§ Assignment: In the records below, work out how many lines hold the word "Vintage". Report the number alone.

§ Dataset records:
'''
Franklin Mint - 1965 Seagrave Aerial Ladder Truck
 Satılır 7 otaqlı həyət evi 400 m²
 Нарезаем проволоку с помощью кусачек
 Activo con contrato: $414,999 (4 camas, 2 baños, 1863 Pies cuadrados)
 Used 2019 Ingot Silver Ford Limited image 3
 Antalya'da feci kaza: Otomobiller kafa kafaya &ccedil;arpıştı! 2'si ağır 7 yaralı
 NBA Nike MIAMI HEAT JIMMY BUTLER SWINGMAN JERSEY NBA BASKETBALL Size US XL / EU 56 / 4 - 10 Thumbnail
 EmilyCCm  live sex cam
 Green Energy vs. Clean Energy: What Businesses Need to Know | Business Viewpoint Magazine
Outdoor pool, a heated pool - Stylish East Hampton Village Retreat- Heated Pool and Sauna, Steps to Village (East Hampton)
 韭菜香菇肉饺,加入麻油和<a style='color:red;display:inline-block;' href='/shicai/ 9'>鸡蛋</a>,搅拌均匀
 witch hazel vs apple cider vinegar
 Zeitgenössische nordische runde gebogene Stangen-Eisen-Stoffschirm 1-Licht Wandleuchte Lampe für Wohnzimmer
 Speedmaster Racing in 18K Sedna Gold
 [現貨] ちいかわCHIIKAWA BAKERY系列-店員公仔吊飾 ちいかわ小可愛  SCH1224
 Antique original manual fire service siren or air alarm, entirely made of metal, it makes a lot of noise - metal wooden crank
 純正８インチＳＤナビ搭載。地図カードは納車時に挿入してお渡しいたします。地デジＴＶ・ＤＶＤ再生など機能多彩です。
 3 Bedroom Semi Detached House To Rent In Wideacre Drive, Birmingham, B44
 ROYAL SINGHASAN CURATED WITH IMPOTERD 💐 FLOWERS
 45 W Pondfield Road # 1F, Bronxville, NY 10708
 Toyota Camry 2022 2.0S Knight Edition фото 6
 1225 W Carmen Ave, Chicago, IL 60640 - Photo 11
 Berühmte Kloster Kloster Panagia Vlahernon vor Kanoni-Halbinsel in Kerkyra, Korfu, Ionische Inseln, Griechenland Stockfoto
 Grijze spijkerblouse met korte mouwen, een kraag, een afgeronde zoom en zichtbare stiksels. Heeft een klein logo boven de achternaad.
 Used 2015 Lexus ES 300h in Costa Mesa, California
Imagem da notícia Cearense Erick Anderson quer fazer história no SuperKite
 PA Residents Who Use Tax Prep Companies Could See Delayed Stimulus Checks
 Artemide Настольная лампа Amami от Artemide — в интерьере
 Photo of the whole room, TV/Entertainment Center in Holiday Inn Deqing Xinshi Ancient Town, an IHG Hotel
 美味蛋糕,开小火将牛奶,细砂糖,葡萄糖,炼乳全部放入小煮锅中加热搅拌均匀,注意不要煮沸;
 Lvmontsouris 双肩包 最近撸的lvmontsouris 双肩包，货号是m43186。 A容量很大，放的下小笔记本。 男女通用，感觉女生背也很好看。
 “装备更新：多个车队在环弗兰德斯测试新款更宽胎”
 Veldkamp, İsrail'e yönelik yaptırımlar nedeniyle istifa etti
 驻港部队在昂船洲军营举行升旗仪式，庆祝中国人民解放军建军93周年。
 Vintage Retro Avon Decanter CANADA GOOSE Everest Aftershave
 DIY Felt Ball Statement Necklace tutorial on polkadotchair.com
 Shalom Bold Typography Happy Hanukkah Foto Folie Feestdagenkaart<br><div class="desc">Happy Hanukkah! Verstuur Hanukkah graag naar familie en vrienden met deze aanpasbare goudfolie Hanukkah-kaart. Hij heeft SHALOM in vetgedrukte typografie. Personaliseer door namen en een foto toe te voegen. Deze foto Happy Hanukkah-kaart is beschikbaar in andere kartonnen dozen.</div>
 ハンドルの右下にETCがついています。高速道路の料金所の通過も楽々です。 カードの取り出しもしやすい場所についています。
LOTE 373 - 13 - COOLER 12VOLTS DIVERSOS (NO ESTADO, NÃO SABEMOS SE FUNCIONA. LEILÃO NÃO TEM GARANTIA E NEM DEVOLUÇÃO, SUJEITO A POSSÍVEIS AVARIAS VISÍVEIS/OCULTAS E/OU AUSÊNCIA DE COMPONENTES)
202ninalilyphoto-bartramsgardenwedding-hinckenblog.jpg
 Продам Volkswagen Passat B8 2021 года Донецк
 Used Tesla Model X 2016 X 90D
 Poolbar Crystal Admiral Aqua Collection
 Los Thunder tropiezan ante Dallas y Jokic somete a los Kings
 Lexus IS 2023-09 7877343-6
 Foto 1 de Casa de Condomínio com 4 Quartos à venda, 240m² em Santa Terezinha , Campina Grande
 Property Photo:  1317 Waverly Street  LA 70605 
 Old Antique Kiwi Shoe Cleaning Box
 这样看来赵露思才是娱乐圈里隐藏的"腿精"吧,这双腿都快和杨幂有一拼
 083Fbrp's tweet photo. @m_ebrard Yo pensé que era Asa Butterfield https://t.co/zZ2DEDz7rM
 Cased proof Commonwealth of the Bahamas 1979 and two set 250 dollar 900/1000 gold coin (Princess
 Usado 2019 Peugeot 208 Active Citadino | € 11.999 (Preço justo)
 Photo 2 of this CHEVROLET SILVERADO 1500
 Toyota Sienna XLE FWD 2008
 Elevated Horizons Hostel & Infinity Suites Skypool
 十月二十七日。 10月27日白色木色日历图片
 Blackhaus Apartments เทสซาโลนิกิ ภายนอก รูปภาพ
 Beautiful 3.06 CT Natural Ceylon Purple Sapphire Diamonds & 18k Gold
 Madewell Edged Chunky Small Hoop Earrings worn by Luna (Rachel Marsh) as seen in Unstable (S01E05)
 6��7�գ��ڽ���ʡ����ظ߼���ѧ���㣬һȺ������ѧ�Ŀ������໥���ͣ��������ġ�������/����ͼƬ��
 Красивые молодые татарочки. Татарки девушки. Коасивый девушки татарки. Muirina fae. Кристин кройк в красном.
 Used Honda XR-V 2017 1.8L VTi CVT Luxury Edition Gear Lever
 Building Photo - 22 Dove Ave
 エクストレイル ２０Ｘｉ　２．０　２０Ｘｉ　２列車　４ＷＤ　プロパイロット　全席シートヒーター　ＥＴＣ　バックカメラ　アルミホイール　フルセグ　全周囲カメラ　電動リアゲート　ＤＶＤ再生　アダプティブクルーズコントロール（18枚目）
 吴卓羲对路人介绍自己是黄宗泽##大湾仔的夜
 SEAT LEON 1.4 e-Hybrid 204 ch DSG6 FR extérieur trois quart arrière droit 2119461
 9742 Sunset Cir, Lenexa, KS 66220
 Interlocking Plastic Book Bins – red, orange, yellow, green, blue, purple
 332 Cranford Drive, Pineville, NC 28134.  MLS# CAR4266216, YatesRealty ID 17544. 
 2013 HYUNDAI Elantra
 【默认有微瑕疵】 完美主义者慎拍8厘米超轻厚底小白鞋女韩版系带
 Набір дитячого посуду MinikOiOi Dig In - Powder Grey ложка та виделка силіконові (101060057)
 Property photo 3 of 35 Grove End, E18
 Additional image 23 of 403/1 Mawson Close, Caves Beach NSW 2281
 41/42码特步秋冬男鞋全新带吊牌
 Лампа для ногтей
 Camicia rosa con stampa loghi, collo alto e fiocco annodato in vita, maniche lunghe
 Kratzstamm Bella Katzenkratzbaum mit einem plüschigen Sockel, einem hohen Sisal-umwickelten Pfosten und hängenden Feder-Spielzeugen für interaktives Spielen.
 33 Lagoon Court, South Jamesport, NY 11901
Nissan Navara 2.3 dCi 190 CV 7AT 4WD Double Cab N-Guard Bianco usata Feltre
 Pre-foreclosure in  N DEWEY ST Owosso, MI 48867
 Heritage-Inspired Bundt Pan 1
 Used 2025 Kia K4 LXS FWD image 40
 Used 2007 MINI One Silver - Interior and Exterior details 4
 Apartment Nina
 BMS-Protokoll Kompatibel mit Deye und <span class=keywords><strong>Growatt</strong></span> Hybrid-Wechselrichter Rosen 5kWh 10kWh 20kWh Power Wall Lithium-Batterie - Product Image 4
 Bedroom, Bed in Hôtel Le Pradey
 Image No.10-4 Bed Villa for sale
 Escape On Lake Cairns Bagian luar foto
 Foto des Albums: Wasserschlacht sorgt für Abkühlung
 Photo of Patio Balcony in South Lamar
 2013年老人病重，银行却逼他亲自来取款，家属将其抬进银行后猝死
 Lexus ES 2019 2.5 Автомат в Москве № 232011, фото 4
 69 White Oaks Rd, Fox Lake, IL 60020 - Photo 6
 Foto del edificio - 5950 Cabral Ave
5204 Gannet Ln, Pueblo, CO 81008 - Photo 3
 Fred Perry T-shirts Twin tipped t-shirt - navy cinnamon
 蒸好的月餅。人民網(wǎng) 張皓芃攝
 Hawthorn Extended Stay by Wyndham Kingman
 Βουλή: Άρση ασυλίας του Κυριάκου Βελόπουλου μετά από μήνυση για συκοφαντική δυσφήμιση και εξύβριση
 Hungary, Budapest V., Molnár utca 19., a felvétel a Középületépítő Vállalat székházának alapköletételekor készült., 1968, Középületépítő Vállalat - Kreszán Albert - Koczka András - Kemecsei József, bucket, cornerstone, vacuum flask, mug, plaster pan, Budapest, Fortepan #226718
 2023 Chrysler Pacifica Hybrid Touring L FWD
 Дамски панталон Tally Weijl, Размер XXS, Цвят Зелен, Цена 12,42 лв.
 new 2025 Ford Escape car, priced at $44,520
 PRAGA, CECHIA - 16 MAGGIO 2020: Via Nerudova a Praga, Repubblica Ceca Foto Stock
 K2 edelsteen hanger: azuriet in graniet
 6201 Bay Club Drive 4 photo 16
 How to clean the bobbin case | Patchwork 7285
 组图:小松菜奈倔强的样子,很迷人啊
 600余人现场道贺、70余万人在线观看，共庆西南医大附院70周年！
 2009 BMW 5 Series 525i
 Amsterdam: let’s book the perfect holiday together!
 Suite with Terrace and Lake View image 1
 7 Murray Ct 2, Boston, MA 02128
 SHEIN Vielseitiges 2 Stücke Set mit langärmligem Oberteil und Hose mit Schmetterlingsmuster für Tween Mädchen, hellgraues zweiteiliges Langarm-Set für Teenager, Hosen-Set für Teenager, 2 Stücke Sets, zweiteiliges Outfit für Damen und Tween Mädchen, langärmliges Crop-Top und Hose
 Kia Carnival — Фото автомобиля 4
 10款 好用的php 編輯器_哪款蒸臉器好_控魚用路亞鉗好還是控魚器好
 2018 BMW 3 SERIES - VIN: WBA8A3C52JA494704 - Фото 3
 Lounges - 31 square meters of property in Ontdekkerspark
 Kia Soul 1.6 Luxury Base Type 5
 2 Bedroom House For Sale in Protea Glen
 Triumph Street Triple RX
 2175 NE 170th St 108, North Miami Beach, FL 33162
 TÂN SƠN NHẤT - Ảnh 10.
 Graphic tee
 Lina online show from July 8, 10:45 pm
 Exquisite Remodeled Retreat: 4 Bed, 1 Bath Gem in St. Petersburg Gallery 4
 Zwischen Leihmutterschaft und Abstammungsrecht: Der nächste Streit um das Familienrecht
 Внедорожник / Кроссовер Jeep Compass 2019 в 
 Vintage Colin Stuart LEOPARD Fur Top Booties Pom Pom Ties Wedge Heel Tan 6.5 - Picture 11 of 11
'''
§ Answer space: 2